Spatial navigation seemed like a design theory that was quite popular in
the pre-web "multimedia" era and which today only really exists on
children's web sites and multimedia experiential sites.
Maybe I was oversimplifying Andrew's message, but I assumed this was a
problem that, like polio, has already been virtually wiped out. Then I
read PeterMe's interpretation of "spatial":
> What Andrew means by spatial processing, as I understand,
> has to do primarily with the notion that we "navigate"
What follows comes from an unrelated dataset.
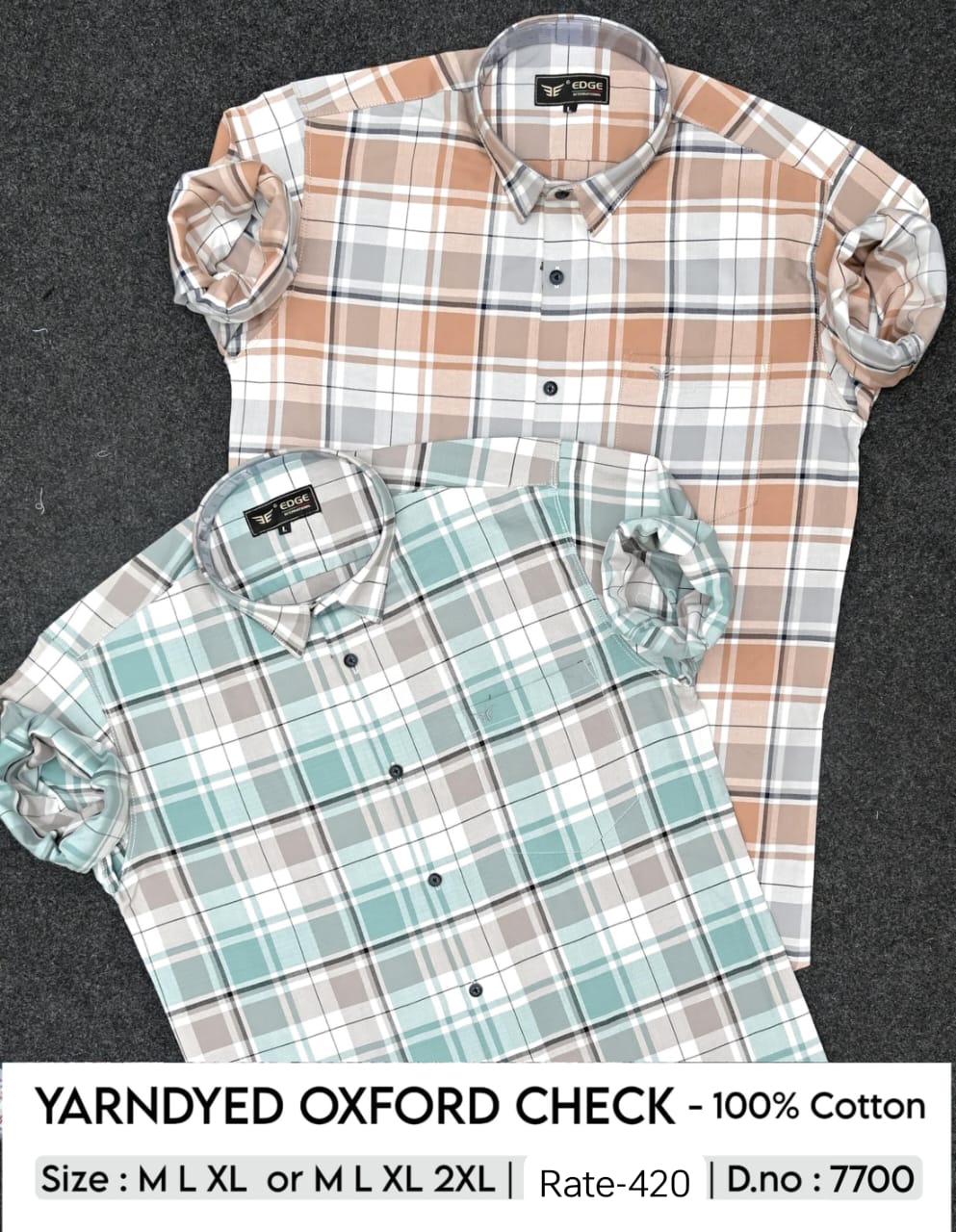 "EDGE" Branded Classic Plaid Full Sleeve Shirt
> information, and that we have to create tools (navigation
> bars, breadcrumbs, explicit hierarchies) to assist people in
> navigating it.
This is not what I think of as "spatial". I would call what Peter is
describing "oversimplistic semantics" or even "monolithic semantics",
not "spatial". It is quite true that we over-rely on all-powerful
simgular explicit hierarchies, and I am constantly pointing out that IAs
suffer from Emerson's hobgoblin of "foolish consistency" so much that we
habitually ignore the possibility of exploiting a wider variety of
multiple semantic models that users can readily understand and access to
get around a site.
To me it's a misperception to see it as a problem of thinking "spatially
versus semantically". It's a problem of thinking "narrowly versus
broadly about semantic models". It's a problem that ultimately stifles
innovation, and is definitely worth talking about.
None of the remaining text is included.